In Canada, at least, this method of assembly leaves doubt about who is ultimately responsible for making sure a new truck meets motor vehicle safety standards at the time it’s ready to be licensed.
It’s an issue most vehicle owners know little about, says Al Tucker, general manager of the Canadian Transportation Equipment Association. The CTEA, based in St. Thomas, Ont., represents manufacturers of truck and trailer equipment in Canada.
“The problem doesn’t raise its head for the vehicle owner until he finds himself on the pointy end of some sharp questions by enforcement people,” Tucker says. If you spec’d a special accessory that’s actuated by air, for example, and the installer has to add an air tank and move air lines around to accommodate it, who’s to say how that modification affected the air brakes?
“If you ask a body shop or a dealer to make major alterations and it somehow throws a safety-certified system out of compliance, right now there is no obligation for the installer to bring the vehicle back into compliance and re-certify it,” Tucker notes. “The last thing a vehicle owner want to find out is that the vehicle is not certified at the time he goes to license it. Unfortunately, it happens.”
NEW RULES
In January, Transport Canada published new Canada Motor Vehicle Safety Standards requiring manufacturers to document their work on a truck or trailer and make them legally responsible for the modifications they make. The regulations affect “incomplete-vehicle” manufacturers (the original equipment manufacturer), “intermediate” manufacturers, and “final-stage” manufacturers who build, alter, or finish a new truck chassis or trailer in Canada.
Starting Jan. 31, 2003, manufacturers of incomplete vehicles will be required to apply a label that says who built the vehicle, where and when it was made, and affirms that it complies with all CMVSS standards.
Furthermore, the incomplete-vehicle manufacturer must provide direction to any intermediate manufacturer as to what can and can’t be modified. If the intermediate manufacturer alters the vehicle, it too must place a label next to the original, providing the company name, date, modifications applied, and a statement that the vehicle conforms to both the OEM requirements and those of the CMVSS.
The final-stage manufacturer must then add to the vehicle document its name and mailing address, plus a clear and precise description of all the changes it made to the incomplete vehicle. The final-stage manufacturer will have to retain and provide provincial licensing officials with all the vehicle documentation for at least five years after the date the vehicle was finally completed.

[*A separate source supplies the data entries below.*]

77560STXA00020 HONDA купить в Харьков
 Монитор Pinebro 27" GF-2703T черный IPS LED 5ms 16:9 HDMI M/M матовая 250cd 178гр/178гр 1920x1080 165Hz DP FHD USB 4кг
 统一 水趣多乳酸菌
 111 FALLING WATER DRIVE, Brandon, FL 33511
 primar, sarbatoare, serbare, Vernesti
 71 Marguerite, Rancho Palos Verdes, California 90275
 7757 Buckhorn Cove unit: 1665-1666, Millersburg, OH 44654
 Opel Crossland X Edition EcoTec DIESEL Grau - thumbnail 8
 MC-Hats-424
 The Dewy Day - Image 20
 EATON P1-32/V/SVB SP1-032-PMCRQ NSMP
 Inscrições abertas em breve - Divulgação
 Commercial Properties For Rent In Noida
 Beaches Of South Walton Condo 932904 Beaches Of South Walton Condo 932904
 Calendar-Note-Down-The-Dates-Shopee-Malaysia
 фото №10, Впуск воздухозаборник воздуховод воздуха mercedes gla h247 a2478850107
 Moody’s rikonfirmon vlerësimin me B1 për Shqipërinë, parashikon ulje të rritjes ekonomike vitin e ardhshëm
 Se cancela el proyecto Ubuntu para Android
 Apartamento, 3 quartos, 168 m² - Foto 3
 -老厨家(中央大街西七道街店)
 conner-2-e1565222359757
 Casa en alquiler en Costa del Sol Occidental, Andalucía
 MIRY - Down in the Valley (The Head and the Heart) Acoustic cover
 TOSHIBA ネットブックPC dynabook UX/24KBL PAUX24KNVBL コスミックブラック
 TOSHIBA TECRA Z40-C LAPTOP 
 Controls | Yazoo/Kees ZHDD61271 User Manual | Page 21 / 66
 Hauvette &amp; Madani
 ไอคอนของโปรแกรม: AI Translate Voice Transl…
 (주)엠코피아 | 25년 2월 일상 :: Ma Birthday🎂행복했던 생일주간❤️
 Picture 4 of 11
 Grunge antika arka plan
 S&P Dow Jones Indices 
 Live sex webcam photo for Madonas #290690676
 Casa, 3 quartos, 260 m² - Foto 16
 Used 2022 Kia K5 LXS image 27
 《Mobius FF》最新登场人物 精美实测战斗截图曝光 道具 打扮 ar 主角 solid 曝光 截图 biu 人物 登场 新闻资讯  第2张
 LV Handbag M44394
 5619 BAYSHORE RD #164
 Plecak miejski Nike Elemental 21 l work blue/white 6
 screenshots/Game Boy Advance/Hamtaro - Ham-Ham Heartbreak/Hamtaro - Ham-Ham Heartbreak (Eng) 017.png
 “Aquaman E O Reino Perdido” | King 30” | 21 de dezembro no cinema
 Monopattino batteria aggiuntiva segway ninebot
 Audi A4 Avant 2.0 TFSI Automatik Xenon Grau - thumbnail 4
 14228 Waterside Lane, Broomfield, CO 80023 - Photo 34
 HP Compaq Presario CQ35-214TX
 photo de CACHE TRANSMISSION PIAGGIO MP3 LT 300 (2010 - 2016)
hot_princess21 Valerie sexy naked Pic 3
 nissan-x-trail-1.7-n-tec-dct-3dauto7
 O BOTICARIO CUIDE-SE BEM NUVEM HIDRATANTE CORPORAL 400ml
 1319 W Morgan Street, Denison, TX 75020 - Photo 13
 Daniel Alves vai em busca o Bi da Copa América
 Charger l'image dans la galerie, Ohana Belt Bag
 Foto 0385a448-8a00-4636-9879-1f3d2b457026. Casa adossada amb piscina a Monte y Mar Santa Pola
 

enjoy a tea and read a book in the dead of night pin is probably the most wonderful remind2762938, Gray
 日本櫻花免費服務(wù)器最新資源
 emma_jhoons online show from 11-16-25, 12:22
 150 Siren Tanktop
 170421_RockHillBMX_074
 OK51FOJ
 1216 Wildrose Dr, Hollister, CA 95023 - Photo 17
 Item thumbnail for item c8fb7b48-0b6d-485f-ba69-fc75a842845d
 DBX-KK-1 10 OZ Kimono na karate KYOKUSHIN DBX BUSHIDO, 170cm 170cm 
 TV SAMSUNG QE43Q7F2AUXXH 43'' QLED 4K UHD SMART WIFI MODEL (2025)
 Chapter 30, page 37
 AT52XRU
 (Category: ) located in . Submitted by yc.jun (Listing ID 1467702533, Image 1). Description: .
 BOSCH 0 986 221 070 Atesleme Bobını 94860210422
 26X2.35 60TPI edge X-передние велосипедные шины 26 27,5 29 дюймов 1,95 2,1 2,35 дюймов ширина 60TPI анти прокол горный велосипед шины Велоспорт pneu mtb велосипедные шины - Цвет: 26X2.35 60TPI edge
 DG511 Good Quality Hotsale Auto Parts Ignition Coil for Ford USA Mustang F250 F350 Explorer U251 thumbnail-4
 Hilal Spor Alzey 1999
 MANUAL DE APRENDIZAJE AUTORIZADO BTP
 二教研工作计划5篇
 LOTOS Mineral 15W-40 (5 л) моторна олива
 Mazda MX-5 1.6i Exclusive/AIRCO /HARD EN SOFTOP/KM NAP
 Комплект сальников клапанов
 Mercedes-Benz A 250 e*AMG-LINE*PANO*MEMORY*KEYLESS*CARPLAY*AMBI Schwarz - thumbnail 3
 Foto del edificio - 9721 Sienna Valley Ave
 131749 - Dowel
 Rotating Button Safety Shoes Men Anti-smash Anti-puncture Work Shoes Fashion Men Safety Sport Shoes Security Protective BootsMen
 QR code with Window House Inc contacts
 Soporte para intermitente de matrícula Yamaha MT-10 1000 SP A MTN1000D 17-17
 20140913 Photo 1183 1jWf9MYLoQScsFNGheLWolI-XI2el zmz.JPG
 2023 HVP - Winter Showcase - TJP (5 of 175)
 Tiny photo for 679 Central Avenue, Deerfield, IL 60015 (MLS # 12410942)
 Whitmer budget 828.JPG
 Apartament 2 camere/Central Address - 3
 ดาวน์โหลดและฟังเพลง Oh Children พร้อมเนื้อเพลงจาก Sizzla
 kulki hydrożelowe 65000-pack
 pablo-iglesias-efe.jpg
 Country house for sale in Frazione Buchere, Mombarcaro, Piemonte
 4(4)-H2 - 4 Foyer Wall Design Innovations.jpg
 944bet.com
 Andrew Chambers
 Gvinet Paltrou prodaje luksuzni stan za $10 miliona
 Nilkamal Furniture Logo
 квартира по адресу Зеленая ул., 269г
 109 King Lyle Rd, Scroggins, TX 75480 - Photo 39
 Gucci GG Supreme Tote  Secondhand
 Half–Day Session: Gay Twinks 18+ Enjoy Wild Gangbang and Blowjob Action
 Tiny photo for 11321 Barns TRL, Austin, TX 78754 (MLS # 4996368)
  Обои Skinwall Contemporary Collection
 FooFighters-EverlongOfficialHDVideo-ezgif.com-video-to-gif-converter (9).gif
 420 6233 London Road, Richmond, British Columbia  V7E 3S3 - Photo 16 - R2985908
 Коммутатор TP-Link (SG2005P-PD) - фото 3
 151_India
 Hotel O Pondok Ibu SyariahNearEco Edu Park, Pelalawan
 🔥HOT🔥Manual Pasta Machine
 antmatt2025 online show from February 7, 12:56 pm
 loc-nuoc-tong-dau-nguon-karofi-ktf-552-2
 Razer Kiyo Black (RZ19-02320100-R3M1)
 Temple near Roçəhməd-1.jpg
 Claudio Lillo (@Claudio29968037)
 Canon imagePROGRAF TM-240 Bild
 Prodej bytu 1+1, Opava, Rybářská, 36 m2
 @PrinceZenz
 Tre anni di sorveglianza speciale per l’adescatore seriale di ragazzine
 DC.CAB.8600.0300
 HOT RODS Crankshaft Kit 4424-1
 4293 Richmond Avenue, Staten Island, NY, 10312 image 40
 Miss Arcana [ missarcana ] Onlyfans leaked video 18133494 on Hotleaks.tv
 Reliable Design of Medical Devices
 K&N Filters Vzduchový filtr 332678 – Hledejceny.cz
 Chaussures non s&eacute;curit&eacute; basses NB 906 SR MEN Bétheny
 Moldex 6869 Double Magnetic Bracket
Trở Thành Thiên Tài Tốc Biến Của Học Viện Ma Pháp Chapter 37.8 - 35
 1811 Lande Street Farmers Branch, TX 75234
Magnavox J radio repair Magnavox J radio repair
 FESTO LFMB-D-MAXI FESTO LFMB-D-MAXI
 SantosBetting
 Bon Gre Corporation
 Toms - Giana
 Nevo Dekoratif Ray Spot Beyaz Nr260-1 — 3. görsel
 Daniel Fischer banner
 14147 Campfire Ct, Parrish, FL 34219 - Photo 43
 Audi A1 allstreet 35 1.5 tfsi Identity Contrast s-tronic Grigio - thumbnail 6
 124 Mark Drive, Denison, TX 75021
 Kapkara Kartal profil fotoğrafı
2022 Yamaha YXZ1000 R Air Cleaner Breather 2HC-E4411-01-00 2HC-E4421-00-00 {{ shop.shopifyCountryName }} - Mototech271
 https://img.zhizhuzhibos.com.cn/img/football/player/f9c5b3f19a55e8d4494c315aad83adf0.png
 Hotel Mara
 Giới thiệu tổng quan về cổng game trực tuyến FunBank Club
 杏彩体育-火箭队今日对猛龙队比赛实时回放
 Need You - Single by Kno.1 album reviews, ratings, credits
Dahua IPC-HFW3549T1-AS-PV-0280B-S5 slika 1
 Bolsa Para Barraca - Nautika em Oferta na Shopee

This may seem like a hassle, but for the vehicle owner, the payoff can be tangible, Tucker says. “I was talking to someone in British Columbia who said vehicle inspectors have taken to opening doors and looking at labels on the door posts. Say the inspector weighs the vehicle and sees 19,000 pounds on a front axle that the door-post label says is rated to 14,000 pounds. The vehicle operator says he had the front axle converted to a 20,000-pound rating when he bought the truck. The inspector wants to know why the truck doesn’t have the right label. It’s a fair question. How would he know the vehicle was modified?”
CHALLENGES
With the rules coming into force next January, federal regulators face two challenges in the months ahead: they have to identify and reach scores of small-volume body shops, heavy equipment dealers, and manufacturers to let them know about the new standards, and they have to figure out a strategy to enforce the rules.
Choosing a final-stage manufacturer at random, I called Dependable Truck & Tank, in Brampton, Ont., to ask their opinion about having to warehouse this vehicle documentation for five years. After several calls, the receptionist told me they “weren’t interested” in the topic.
Tucker says he’s not surprised to hear that manufacturers aren’t aware of the new standards, despite the best efforts of the CTEA and Transport Canada.
“It’s amazing, the number of people who are engaged in this business,” he says. “Most are professionals, and they do a good job. They’re just ignorant of the rules.
“But if there’s an accident and the frame breaks, the government is going to want to know why, and it’s going to ask the chassis manufacturer, because it’s the chassis manufacturer’s safety mark on the vehicle,” he says. “There may have been two or three parties who worked on the vehicle before it was delivered, and who may have compromised the frame. But again, how is the investigator to know? At this point he might simply ask how many of these chassis were made and order a recall for all of them. Nobody wants that. Not the chassis manufacturer. Not the vehicle owner. Nobody.”